De acordo com a pesquisa semanal Focus, do Banco Central, divulgada nesta segunda-feira (18), a expectativa para o crescimento econômico neste ano foi reduzida pela 12ª semana seguida, a 0,79%, sobre 0,81% no último levantamento.
O número vem acompanhado de uma perspectiva de contração ainda mais forte para a indústria em 2014: de 1,76%, contra 1,53% previstos anteriormente. Já a mediana para o crescimento do PIB em 2015 foi mantida em 1,20%, segundo o boletim.
As baixas consecutivas, segundo os especialistas, têm explicação: especialmente no segundo trimestre, os dados de atividade no Brasil tiveram pioras consideráveis, alimentando as expectativas de o país ter entrado em recessão técnica – quando há contração por dois trimestres seguidos. No trimestre passado, as vendas do varejo e a produção industrial, por exemplo, recuaram 0,6% e 2% sobre o primeiro trimestre do ano.
O Focus mostrou também redução na perspectiva para a taxa básica de juros no próximo ano, projetada agora em 11,75%, contra 12,00% na segunda passada. Os economistas mantiveram a projeção de que a Selic encerrará 2014 nos atuais 11%, e veem que o novo ciclo de aperto monetário começará em março, com alta de 0,50 ponto percentual, igual à pesquisa anterior.

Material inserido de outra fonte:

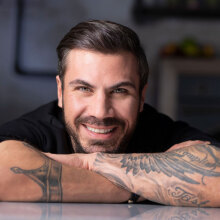 Άκης Πετρετζίκης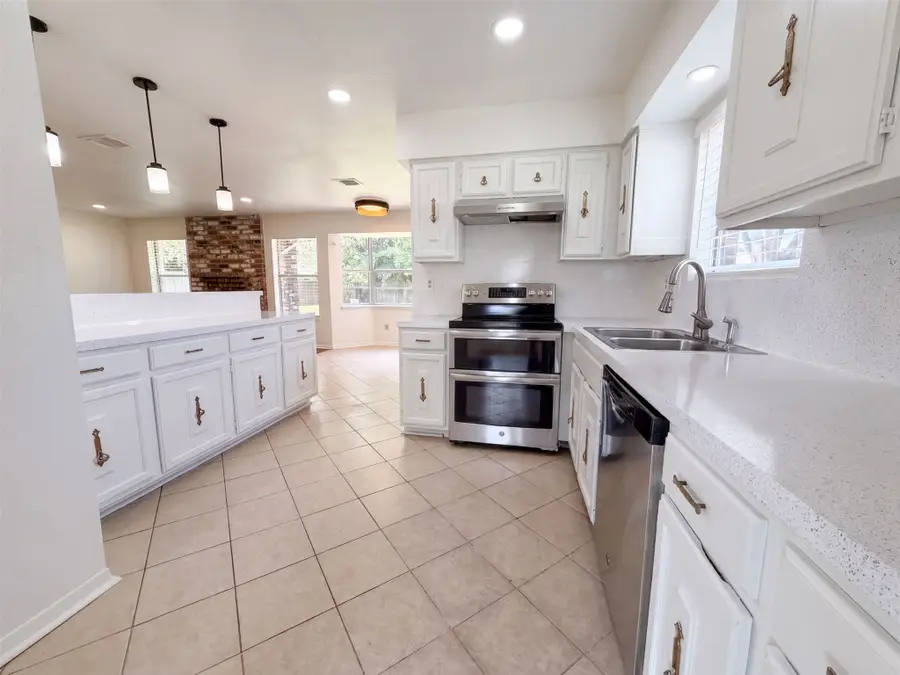6910 Vialinda Drive, Houston, TX 77083 - #2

O Top-5 de médio prazo, com as instituições que mais acertam as projeções, continua vendo a Selic a 11% neste ano e a 12% ao final de 2015.
A alta nos juros vem junto com o cenário de inflação elevada. Os agentes consultados no Focus reduziram levemente a projeção de alta do IPCA em 2014 a 6,25%, sobre 6,26%. Esse é o mesmo nível esperado para o ano que vem. Já a alta nos preços administrados deve permanecer nos 5,05% neste ano, levemente abaixo dos 5,10% esperados. Para 2015, as contas continuaram em 7% de alta.